Mortgage rates were under pressure this week as the 3.50% Coupon Bond closed just beneath support at the 50-Day Moving Average. The Treasury auctioned $16B in 30-Year Bonds on Thursday and the results were miserable. Gyrations in the stock market due to Eurozone concerns made for no shortage of volatility in the Bond Market. The 3.50% Coupon hit a weekly high of 102.56 and a low of 101.31 and settled at 101.59 down 16 basis points.
All things considered the Bond Market held up relatively well and headed into the weekend on a positive note. Hence, my recommendation to float, not lock rates at this time, but be prepared to move quickly.
“When The Moon Hits Your Eye Like A Big Pizza Pie That’s A Bailout”
Italy’s problems are not as dire as Greece, but they are a larger country and the seventh largest economy in the world. Their debt crisis will be much harder to contain. Italy’s 2, 5 and 10-year Notes were Yielding 7% at their peak this week. A dangerous record high. Yields have risen because the concern is Italy won’t get out of this mess without international assistance. Slimy Silvio Berlusconi looks to be stepping down and the country is looking to form a new government around Mario Monti the European Unio Competition Commissioner.

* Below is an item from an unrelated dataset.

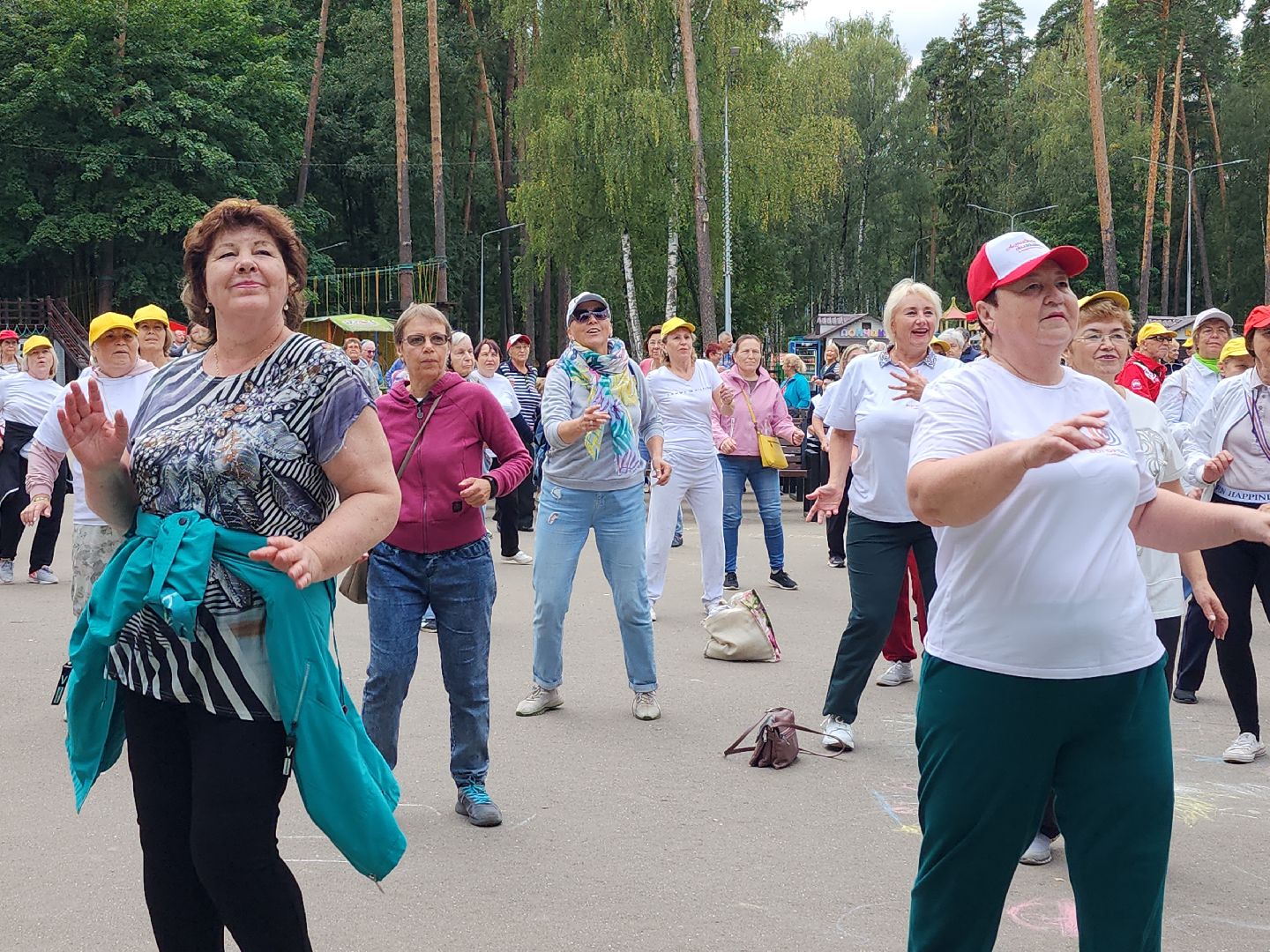 Активное долголетие, долголеты, зарядка, Ногинск, Богородский городской округ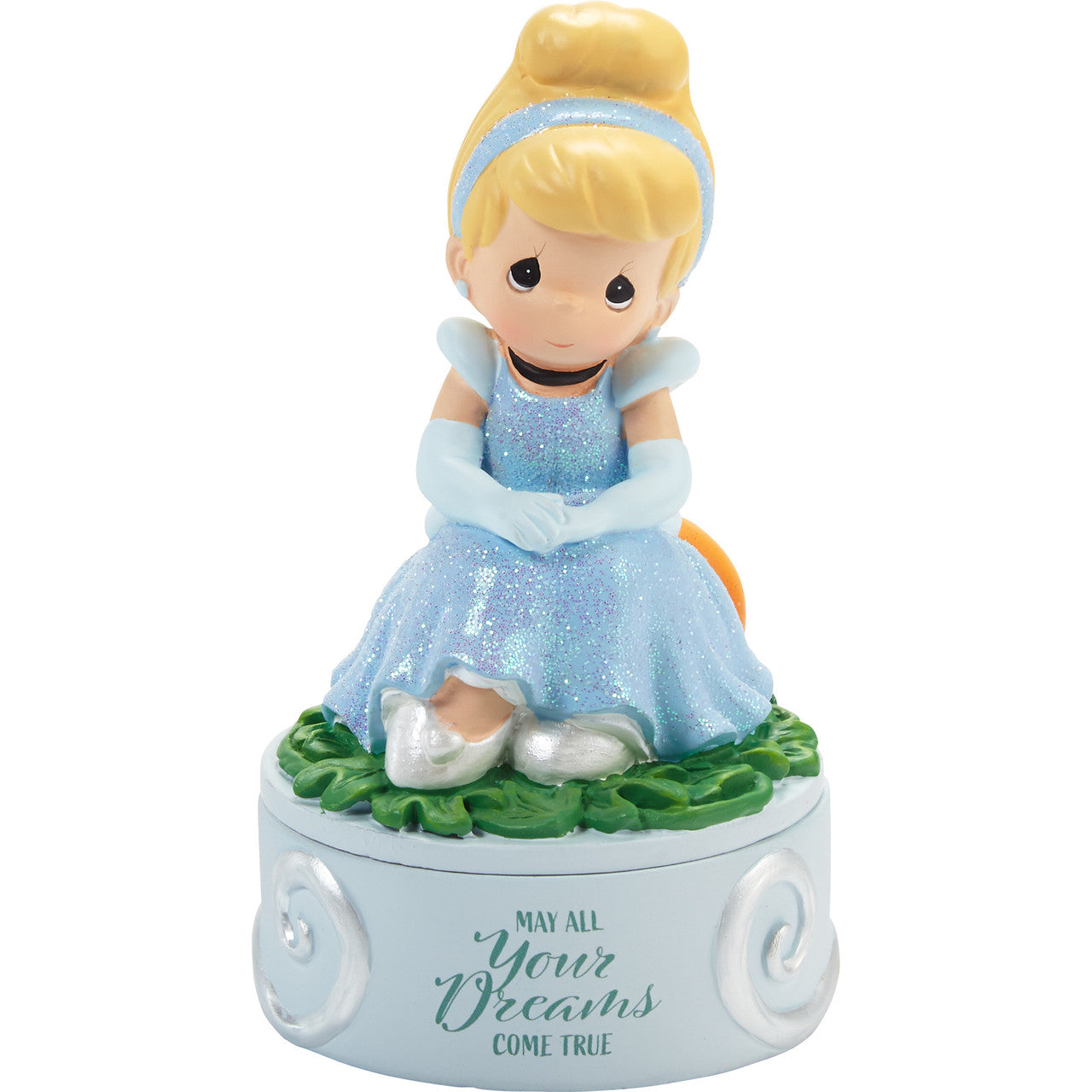 Disney Cinderella Dreams Come True Covered Box - Image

This is a positive as it demonstrates Italy’s understanding that they must move quickly to save their economy.
Hopefully, our elected officials and the Fed are learning something from this. Like, STOP SPENDING MONEY WE DON”T HAVE!
Economic News
Initial Jobless Claims were reported at 390,000, better than expectations and below the important psycological 400,000 number.
Consumer Sentiment Better than expected in September, Reuters/U of Michigan index at 64.2.